In our FirstService Residential segment, revenues are expected to increase at a mid-single digit percentage organic growth rate in 2025 primarily from new contract wins. Any additional tuck-under acquisitions will augment organic growth. Operating margins for 2025 are expected to be approximately in-line with 2024.
Our FirstService Brands segment is expected to generate a high-single digit total revenue growth rate, driven by both organic and acquisition-related growth. Our organic growth at our restoration brands in any given year is dependent on some degree of weather-driven claims activity, which can be unpredictable given the uncertainty of weather patterns. Operating margins are expected to be approximately in-line with 2024, unless influenced by varying levels of weather-related activity at our restoration operations.
The foregoing contains forward-looking statements, and readers should refer to “Forward-looking statements and risks” below regarding our cautions relating to these forward-looking statements and the material risk factors that could cause actual results to differ materially from these forward-looking statements. The above forward-looking statements are made on the assumption that general economic conditions and the conduct of the Company’s businesses remain as they exist on the date hereof, with none of the material risk factors (as noted under “Forward-looking statements and risks” below) occurring during 2025.

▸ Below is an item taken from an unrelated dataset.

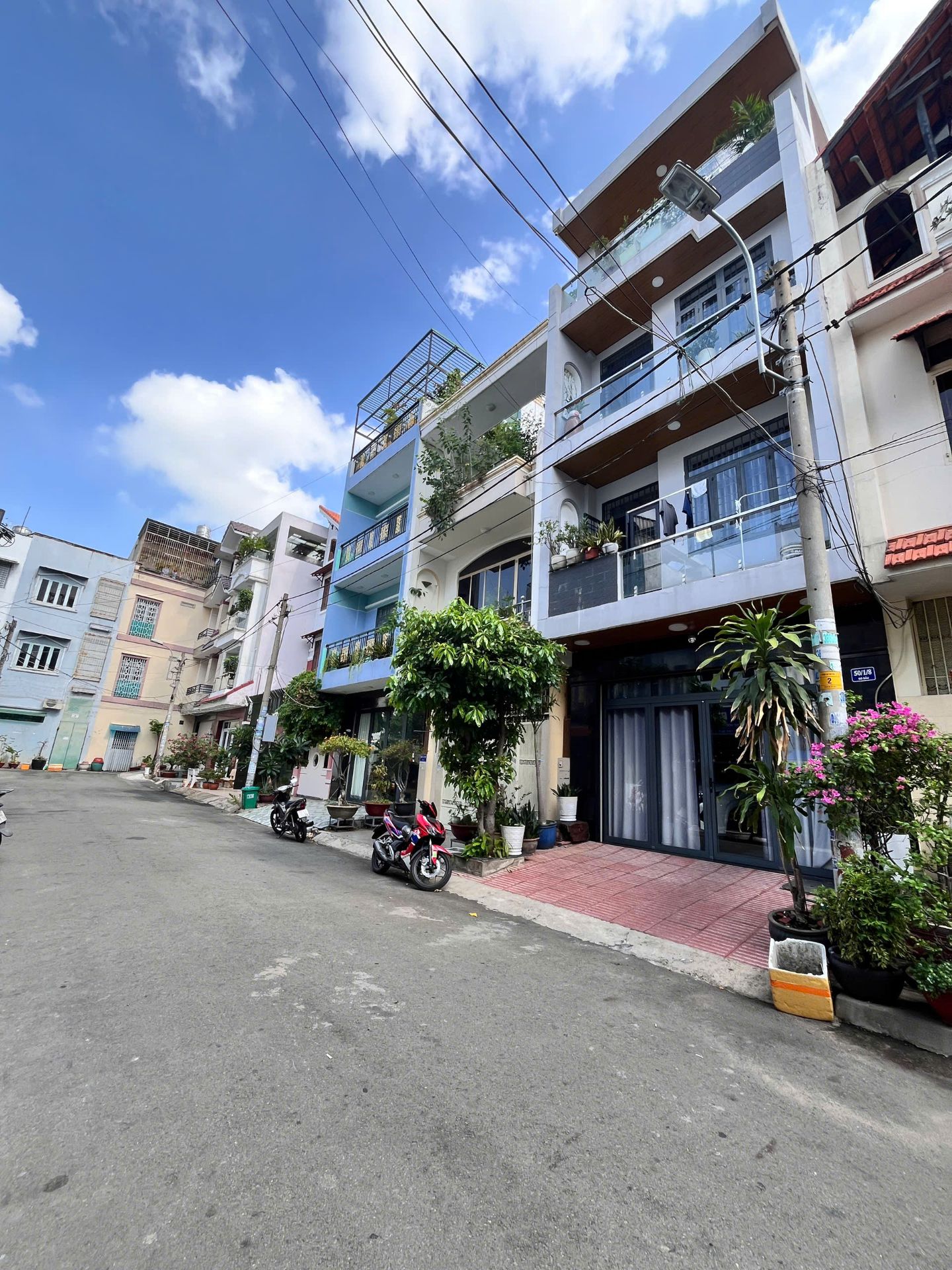 Bán Nhà Hẻm Xe Hơi 50/ Gò Dầu P. Tân Quý, Q. Tân Phú – 5m x 18m, 1 Lầu ST – Giá 13.9 Tỷ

Seasonality and quarterly fluctuations
Certain segments of the Company’s operations are subject to seasonal variations. The seasonality of the service lines results in variations in quarterly revenues and operating margins. Variations can also be caused by acquisitions or dispositions, which alter the consolidated service mix.
FirstService Residential generates peak revenues and earnings in the third quarter, as seasonal ancillary swimming pool management revenues are earned. FirstService Brands includes restoration operations, which are influenced by weather patterns that historically have resulted in higher revenues and earnings in any given reporting quarter, and certain franchise operations, which generate the majority of their revenues during the second and third quarters.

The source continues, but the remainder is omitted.